The Escher String Quartet has been a Festival audience favorite since 2008—when they first performed here—and last summer they pulled off a first in the Festival’s history by playing all six of Bartók’s physically, mentally, and emotionally demanding string quartets over the course of one three-hour-plus concert. Five months before that performance, they played the same marathon program at New York’s Lincoln Center, and, in a review, The New Yorker praised the Escher’s “near-miraculous control of pitch and coördination of rhythm” and “unerring balance of voices.”
That review spoke to the essence of the Escher’s music-making, as the group took their name and initial inspiration from the Dutch graphic artist M. C. Escher (1898–1972), whom they admired for what they called “his method of interplay between individual components that worked together to form a whole.”
This summer, the Escher brings that spirit of interplay back to the Festival with a noontime recital on Wednesday, August 6, that features 19th-century gems and a brand-new Festival-commissioned work that will be performed in its US premiere.
Kicking things off are the first two pieces—the sparkling Andante and Scherzo—of Mendelssohn’s Op. 81, a collection of four disparate (yet seamless) works that Mendelssohn’s publisher assembled and released posthumously following the composer’s untimely death in 1847 at the age of 38. Both the Andante and Scherzo date from Mendelssohn’s final year, and the Andante contains the only variations Mendelssohn ever wrote for a string quartet.
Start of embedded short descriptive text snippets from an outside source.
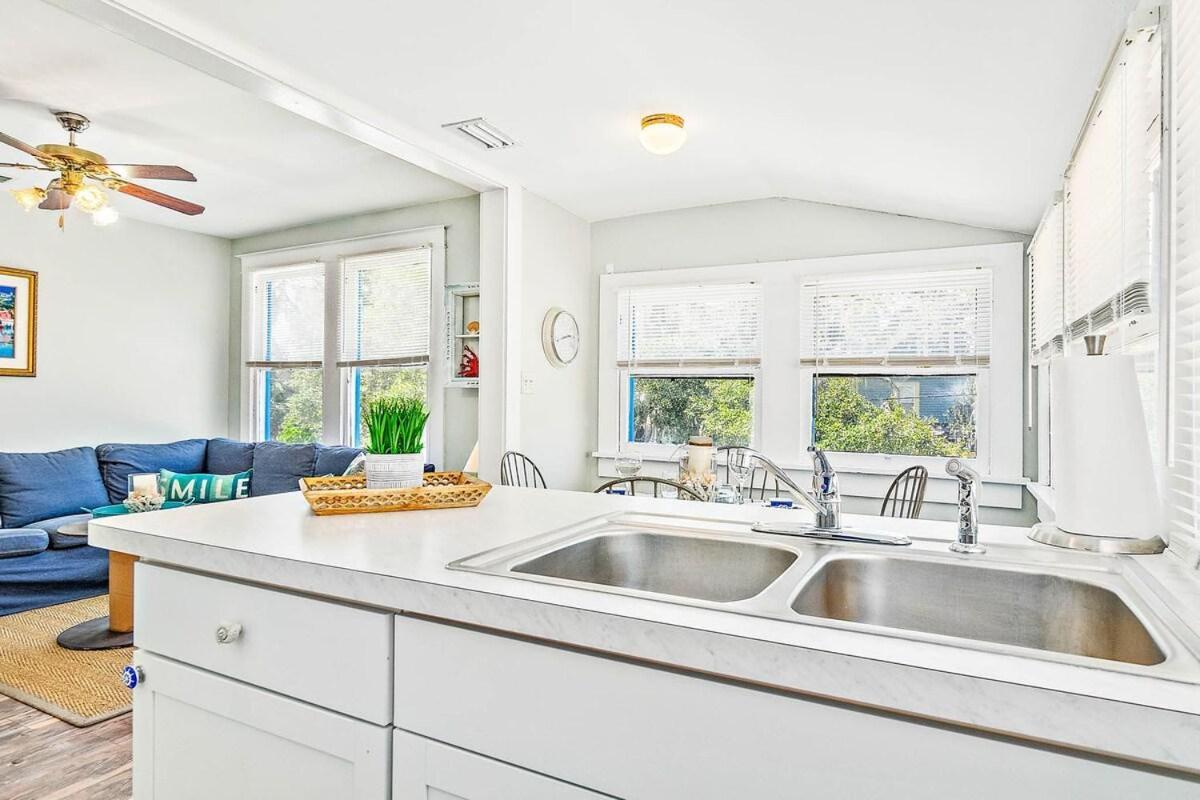 Charming Downtown Carriage Apartment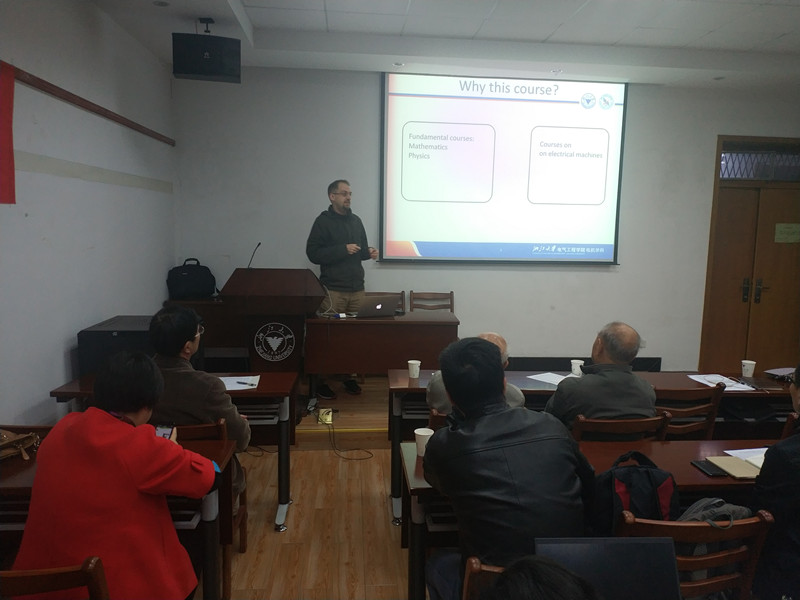 5bf214504a1cb.jpg 3_副本.jpg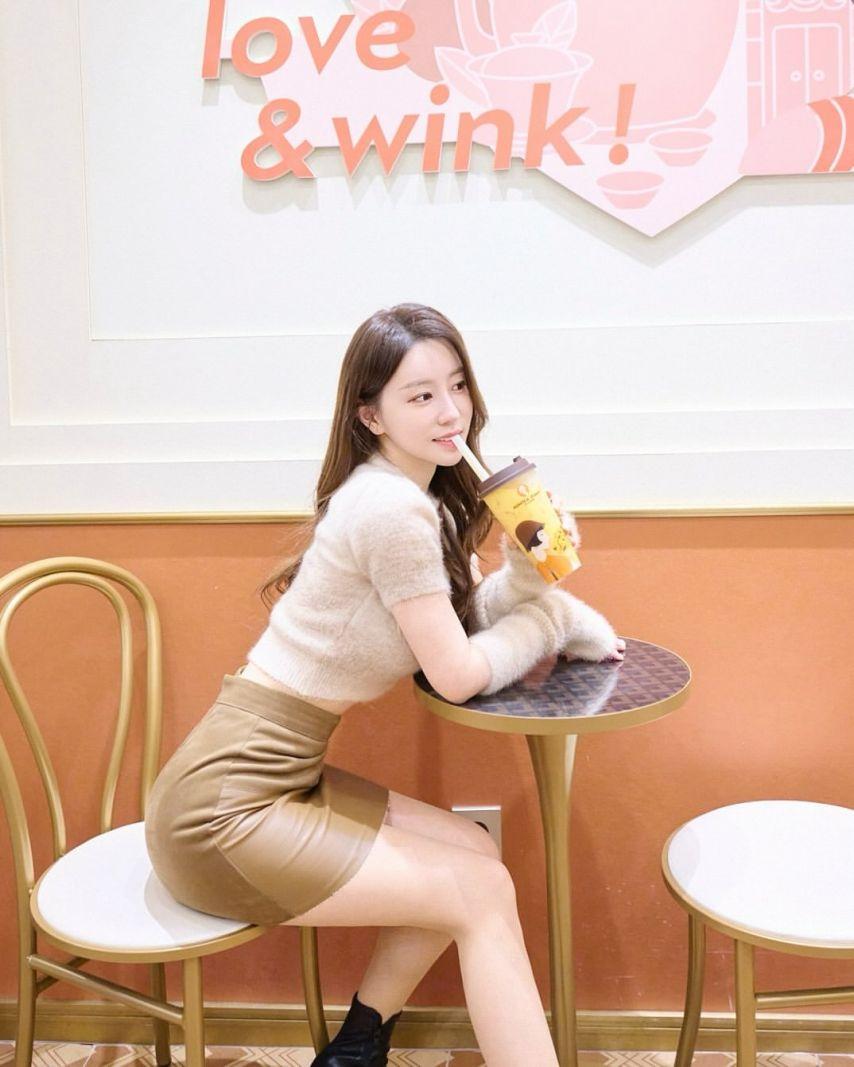 황유주 아나운서1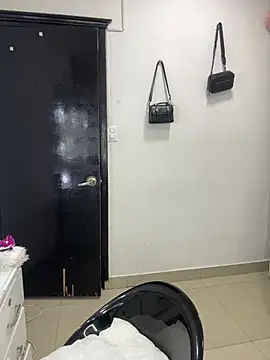 Latin_bigbutt Adlı Modelin Canlı XXX Sohbeti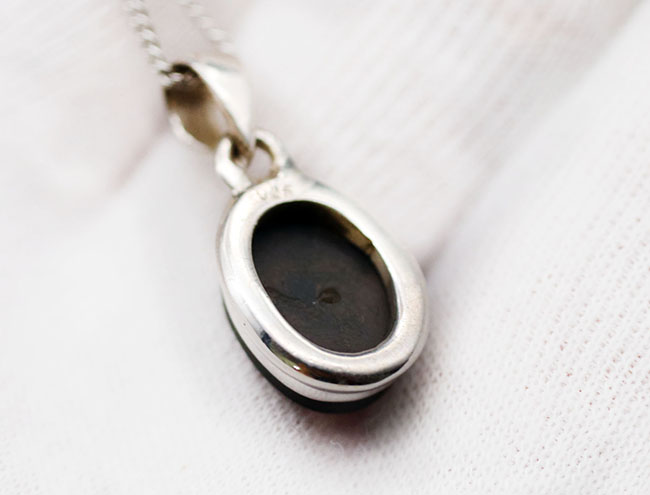 赤と思いきや鮮やかな緑が顔をのぞかせます!アンモライトを使ったペンダントトップ(Ammolite)。金具はスターリングシルバー。チェーン、革紐、ジュエリーケース付き(その7)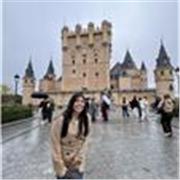 Soy una personas muy proactiva y entusiasta. Me gusta transmitir lo que sé de manera divertida en donde los alumnos esten a gusto 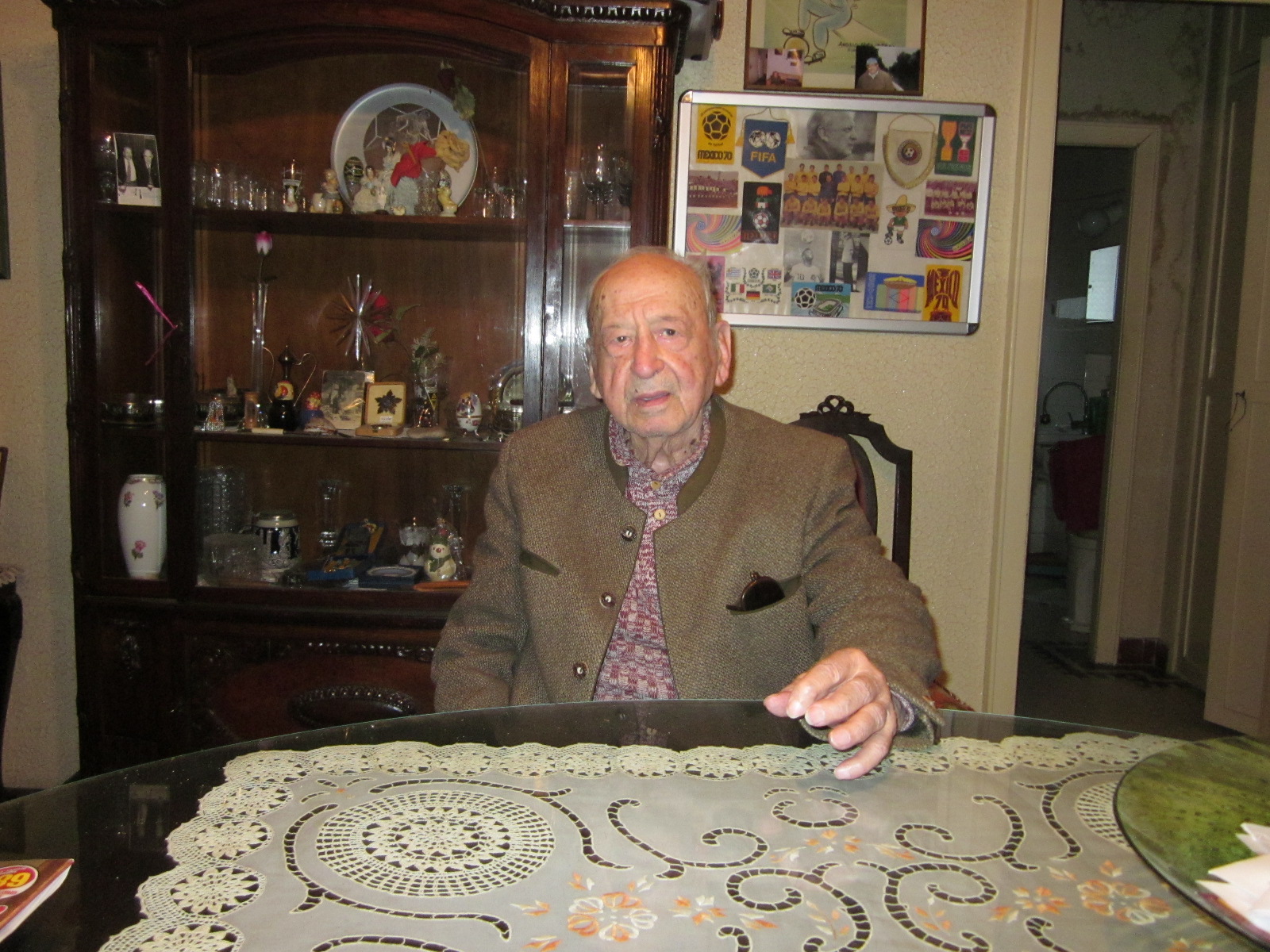 Angelo Niculescu, depus la Mausoleul Eroilor din Cimitirul Ghencea Militar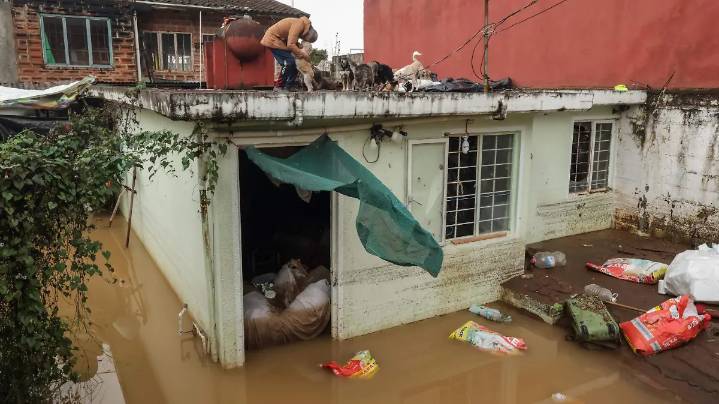 Lluvias dejan al menos 28 muertos en seis estados del país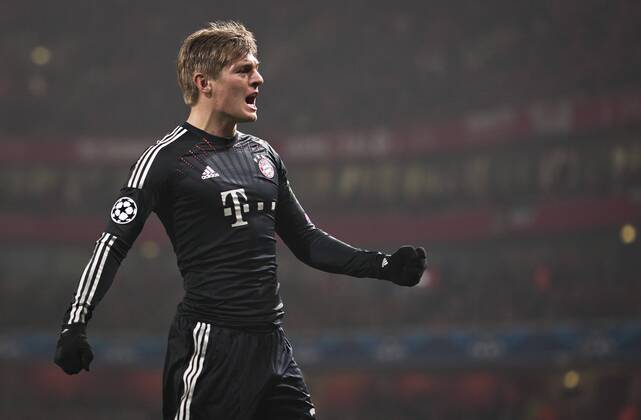 London, 19.02.2013, Emirates Stadium, Fußball Torjubel: Toni Kroos (FCB) FC Arsenal London - FC Bayern München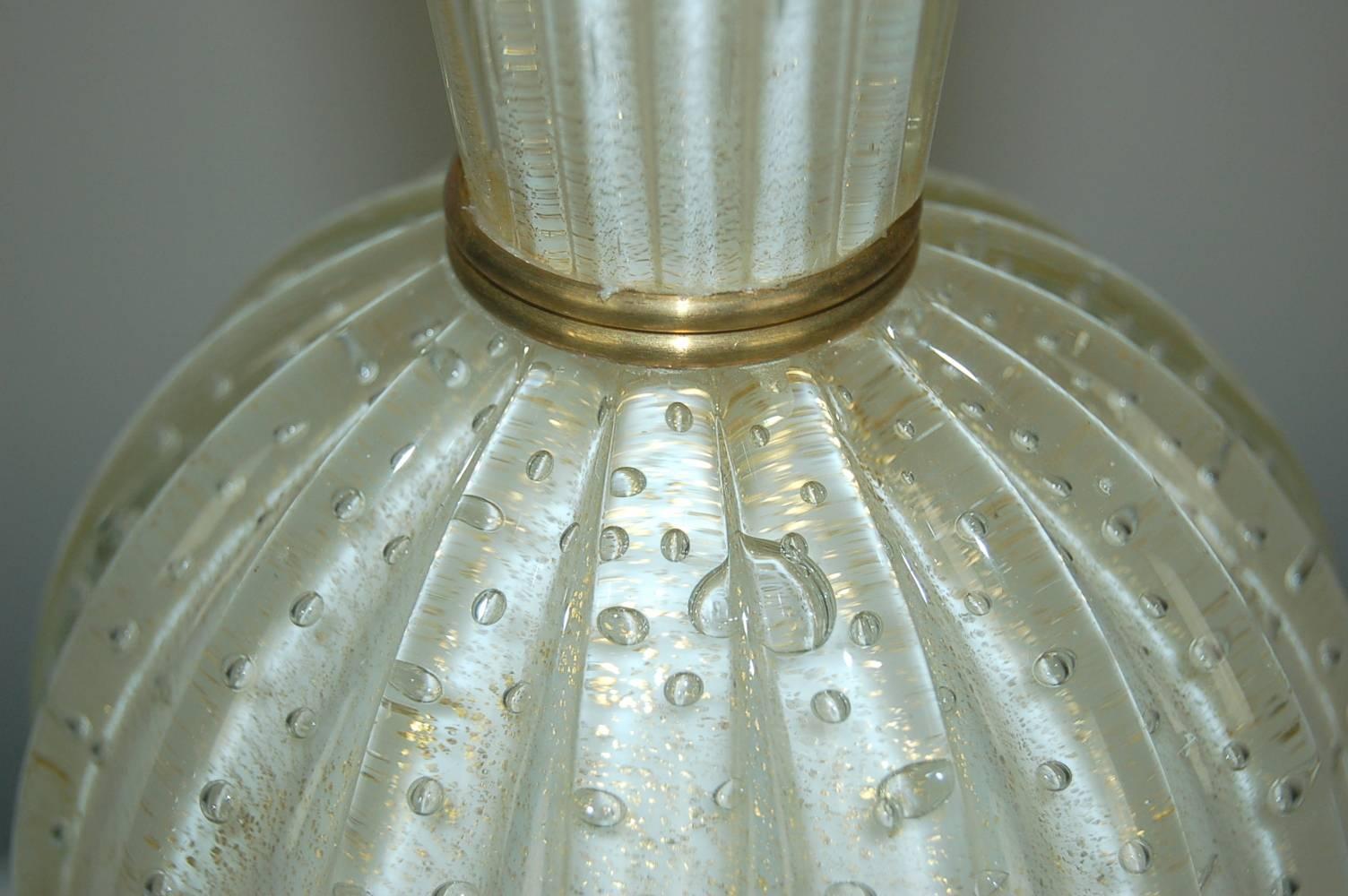 Vintage Murano Table Lamp of White with Bubbles and Gold For Sale 1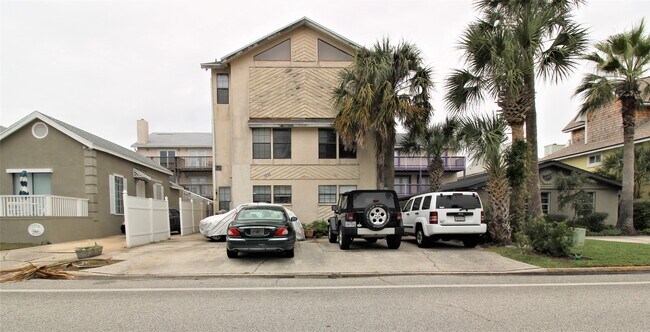 1 block from the beach! - 1712 1st St S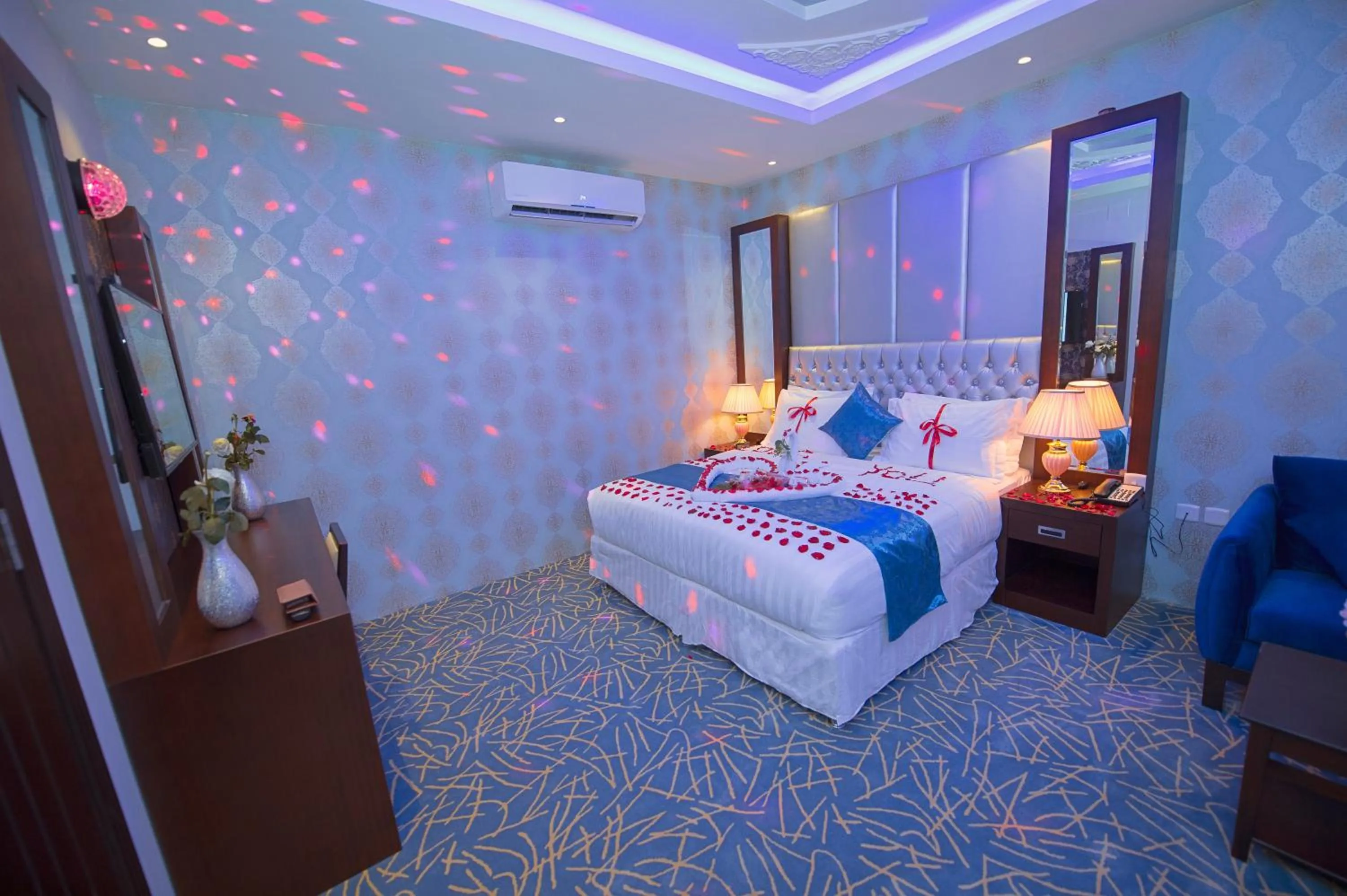 Honeymoon Suite - 2 in Rest Night Serviced Apartments Wadi Al Dawasir
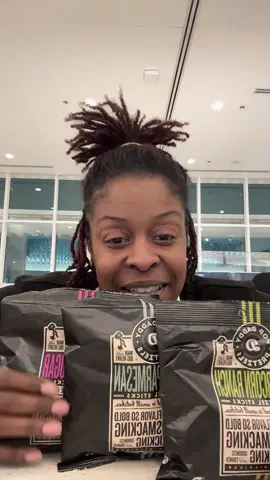 Pop Daddy Pretzels Review. I gotta say Pop Daddy you did your BIG ONE. These are so full of flavor 😋 Had to do a little dancey dance ft a special guest  #popdaddypretzels #yummy #peppercornranch #garlicparmesan #cinnamonsugar #delicious #IDORECCOMEND #specialguest #workchronicles #recorededwhileonlive #edits #yasnackgirlie  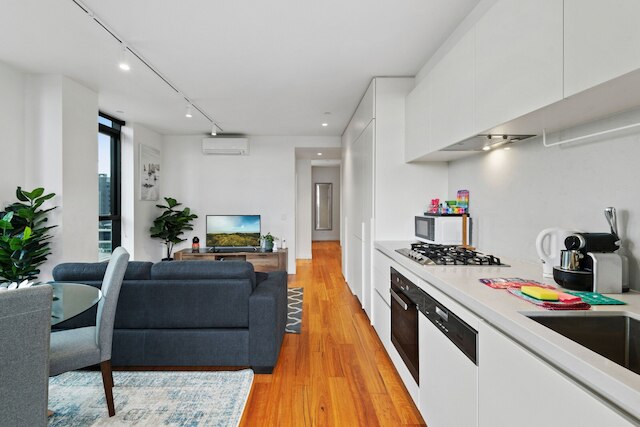 ブライト アパートメント ウィズ シティビューズ イン トレンディ ロケール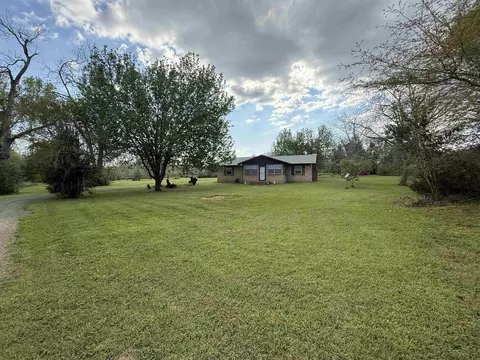 137 Wayside Farm Rd, Havana, FL 32333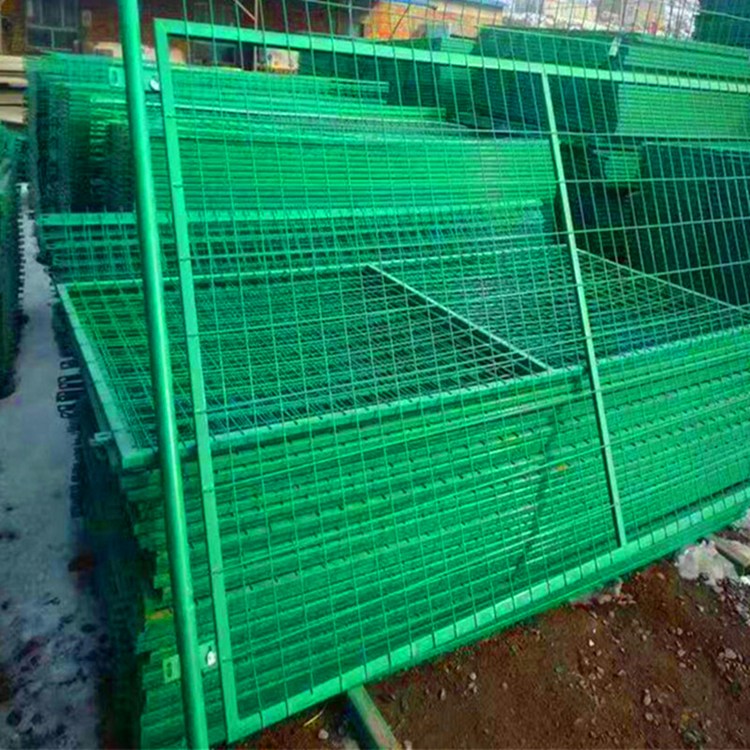 隔离网框架式车间围栏 框架式排球场围栏生产 云蓝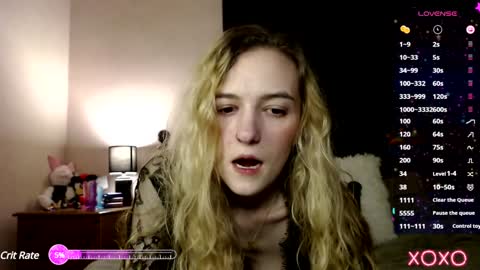 Snapshot of xelliee_rosex chatting on February 2, 12:09 am EllieeRose online show from February 2, 12:09 am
After the Mendelssohn, the Escher gives the first US performance of the String Quartet No. 4 by Julian Anderson, whose honors, as one of today’s leading composers, include winning the 2023 Grawemeyer Award for Music Composition and being appointed a Commander of the Order of the British Empire (CBE) in 2021 for his services to music. Anderson’s String Quartet No. 4, which the Belcea Quartet premiered in Lisbon in 2024 before touring it around Europe, is a co-commission between the Festival and six international partners: the Portugal-based Fundação Calouste Gulbenkian, London’s Wigmore Hall, the Vienna Konzerthaus, the Elbphilharmonie Hamburg, Copenhagen’s Mogens Dahl Concert Hall, and Dublin’s National Concert Hall.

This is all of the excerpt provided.